Aside from the obvious appeal, here are the most magical things about this movie:
Matthew McConaughey Is Perfect in This Role
He's living it up, playing the bongos, walking around in the craziest outfits you can think of, trying to breathe fire and doing a really raunchy dance with Pettyfer. He's bizarre and charming, lands most of the comical lines of the movie and behaves much like how you'd want the owner/host of an all-male revue to be. We'd pay more cash to see the outtakes with him.
It's All the Fun of a Male Strip Club, But Far More Attractive
While there are certainly a plethora of Chippendale-esque establishments around, the ones we've been to have never had men that look like Joe Manganiello or Matthew Bomer, and we're pretty sure that the few attractive men we've seen covered in sticky oil weren't actually straight. Here, these men are pure fantasy come to life, and they can all really dance.
Channing Tatum Steps Up
His dance numbers are really wonderful, as you'd expect from the star of the original Step Up, but he also does his darndest to carry the acting weight of this movie and he's mostly successful. He's far more appealing here than he was in The Vow, as this character seems a little more multi-dimensional than some of the previous attractive blocks of wood he's portrayed (it doesn't hurt that he's a former stripper in real life). He's getting a better sense of when to pour on the charm and when to hold back, and while his crying could still use some work, there's a noticeable improvement.
It's Not Showgirls
While there is something to be said for the campy and (at the time) edgy Showgirls, it really is just a funny cult film now, what with all of Nomi's sparkling dialogue and ridiculous eating habits. Here, there's no forced rivalries or stilted exchanges -- it genuinely just feels like a bunch of guys hanging out talking about how best to woo women and get a lot of cash.

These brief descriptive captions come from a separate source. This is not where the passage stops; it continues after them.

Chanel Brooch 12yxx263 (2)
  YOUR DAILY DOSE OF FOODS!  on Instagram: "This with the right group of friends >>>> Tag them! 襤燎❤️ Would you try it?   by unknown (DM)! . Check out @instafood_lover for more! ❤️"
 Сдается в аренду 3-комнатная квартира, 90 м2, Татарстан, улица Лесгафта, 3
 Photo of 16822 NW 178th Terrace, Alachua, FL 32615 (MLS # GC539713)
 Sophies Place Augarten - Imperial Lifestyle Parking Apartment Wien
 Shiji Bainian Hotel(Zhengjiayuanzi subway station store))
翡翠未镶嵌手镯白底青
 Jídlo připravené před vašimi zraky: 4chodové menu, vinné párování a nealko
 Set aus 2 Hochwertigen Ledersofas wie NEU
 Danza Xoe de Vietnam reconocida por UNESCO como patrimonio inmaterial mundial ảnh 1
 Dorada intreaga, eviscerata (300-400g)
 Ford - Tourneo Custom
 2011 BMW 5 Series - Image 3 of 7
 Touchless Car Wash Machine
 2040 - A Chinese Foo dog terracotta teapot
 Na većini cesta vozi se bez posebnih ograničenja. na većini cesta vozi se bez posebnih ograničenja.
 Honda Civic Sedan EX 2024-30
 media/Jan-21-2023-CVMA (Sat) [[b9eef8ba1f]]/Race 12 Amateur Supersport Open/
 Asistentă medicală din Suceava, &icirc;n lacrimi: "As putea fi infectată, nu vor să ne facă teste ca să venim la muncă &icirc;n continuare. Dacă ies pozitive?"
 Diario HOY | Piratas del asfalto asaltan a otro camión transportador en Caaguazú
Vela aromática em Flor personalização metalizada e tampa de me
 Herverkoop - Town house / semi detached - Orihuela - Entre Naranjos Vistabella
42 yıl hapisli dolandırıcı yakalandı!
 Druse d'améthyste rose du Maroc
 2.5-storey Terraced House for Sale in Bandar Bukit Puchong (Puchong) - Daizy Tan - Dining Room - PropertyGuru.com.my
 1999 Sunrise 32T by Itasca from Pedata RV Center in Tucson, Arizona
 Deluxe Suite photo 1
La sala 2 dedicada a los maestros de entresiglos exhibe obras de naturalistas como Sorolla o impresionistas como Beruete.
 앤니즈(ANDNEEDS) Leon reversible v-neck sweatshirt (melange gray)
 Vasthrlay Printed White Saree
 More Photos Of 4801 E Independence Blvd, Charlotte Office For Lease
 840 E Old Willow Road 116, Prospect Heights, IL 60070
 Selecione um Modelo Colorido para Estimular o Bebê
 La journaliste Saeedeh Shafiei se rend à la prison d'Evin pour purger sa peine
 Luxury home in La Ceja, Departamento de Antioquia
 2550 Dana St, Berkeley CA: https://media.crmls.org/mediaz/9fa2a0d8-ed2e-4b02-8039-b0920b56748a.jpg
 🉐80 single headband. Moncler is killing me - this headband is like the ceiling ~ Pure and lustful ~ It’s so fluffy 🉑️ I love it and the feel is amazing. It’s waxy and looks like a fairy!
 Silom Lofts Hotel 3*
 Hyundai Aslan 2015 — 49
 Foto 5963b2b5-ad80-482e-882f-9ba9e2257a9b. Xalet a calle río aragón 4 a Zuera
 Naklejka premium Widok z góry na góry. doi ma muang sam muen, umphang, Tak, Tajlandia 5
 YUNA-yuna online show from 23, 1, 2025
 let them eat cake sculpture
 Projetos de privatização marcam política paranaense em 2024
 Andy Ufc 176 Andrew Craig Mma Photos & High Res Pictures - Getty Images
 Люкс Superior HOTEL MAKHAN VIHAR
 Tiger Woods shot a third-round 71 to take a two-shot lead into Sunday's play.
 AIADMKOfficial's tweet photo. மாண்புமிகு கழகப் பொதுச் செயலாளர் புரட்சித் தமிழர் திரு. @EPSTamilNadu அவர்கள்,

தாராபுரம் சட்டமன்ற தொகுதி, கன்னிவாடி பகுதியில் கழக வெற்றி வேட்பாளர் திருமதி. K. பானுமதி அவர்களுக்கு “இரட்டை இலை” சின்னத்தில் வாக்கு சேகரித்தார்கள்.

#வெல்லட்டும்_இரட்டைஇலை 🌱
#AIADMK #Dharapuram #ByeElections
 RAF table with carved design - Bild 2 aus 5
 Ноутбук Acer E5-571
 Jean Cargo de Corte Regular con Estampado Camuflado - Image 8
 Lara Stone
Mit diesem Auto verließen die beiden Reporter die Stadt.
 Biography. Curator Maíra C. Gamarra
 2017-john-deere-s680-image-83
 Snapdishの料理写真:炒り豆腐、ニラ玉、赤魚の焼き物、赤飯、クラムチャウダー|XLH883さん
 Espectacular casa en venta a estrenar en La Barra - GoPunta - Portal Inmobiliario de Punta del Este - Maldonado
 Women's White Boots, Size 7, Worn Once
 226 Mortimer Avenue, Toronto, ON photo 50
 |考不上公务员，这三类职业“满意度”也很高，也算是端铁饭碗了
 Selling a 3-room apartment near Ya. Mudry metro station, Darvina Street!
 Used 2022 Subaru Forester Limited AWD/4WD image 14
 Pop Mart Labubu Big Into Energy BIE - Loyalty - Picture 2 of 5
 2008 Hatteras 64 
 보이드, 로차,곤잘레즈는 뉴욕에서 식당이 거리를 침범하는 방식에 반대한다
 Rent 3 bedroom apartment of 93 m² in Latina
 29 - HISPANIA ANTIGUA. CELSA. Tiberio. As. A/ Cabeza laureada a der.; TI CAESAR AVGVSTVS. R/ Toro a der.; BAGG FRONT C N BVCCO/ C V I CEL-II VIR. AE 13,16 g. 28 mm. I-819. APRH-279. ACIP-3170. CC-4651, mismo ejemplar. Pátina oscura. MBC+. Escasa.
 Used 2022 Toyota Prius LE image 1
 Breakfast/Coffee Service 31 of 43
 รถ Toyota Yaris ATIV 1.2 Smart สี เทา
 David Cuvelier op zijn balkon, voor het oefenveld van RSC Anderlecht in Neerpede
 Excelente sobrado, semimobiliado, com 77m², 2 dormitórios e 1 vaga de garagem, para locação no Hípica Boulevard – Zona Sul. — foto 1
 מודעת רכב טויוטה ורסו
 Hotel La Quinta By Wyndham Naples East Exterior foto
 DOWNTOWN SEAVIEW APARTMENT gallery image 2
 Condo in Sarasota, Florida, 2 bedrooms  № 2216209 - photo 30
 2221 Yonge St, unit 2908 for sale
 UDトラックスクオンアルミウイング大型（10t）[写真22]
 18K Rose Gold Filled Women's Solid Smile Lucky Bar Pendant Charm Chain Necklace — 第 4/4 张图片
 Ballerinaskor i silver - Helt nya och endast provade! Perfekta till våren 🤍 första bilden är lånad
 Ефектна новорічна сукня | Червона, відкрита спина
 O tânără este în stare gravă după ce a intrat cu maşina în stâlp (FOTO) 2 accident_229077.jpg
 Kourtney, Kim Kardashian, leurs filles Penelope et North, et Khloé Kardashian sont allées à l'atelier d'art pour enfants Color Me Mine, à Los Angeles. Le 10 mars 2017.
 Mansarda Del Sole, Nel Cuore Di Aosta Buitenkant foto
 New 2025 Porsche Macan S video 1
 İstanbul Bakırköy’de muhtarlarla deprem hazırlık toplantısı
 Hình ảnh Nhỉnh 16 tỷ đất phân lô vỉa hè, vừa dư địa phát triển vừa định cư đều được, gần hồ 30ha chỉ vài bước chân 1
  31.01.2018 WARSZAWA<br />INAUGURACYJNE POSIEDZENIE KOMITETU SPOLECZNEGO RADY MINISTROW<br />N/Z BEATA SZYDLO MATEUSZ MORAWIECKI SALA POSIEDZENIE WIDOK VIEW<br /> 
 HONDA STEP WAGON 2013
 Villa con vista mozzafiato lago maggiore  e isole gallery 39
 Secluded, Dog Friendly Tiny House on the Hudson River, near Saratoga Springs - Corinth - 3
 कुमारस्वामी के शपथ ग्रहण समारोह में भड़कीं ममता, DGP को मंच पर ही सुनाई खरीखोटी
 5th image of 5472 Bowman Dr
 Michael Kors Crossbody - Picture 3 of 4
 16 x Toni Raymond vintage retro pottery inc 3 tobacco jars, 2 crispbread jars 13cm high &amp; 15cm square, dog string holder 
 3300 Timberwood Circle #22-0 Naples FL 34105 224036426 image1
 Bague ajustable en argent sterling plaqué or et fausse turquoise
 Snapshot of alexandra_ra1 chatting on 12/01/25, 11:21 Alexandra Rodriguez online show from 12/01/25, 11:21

The Sexiest Scene Involves Tatum Fully Clothed
Yeah, you read that right. Mike, not in his magic form, goes to the bank all suited up with a pile of cash and tries to convince a loan officer to give him the money to start his business and frankly, it is just hot. Who'd have thought talking about down payments would be such a turn on?
Something For Everyone
While much has been made of the half-naked men, we must also point out that there is also a bunch of female nudity, most notably from Olivia Munn, who spends a good couple of minutes just standing around topless. So all those male, hetero significant others who get dragged to the theaters this weekend can have something to enjoy as well.
The Dancing Is Hot
Let's be honest, the beefcake is the reason for the buzz around this movie, and audiences won't be disappointed in that regard. There are butts and a little bit of frontal nudity to be enjoyed, and the dance numbers are actually pretty wonderful. They are shot so that they almost make you feel like you're in a slightly seedy Tampa establishment watching these guys, instead of being staged in typical over-produced movie musical fashion.
The film could use a little bit more character development, since there's no real information on how Mike ended up at this point in his life, or why Brooke and The Kid are so co-dependent. And Horn seems poorly cast for this role, coming across as forgettable instead of the enigmatic woman who manages to catch the eye of Magic Mike. But those are really small quibbles. We went in expecting something as preposterous as Burlesque and instead got much more. In fact, we'd love a sequel that follows Dallas to Miami... though too bad the title Debbie Does Dallas is already taken.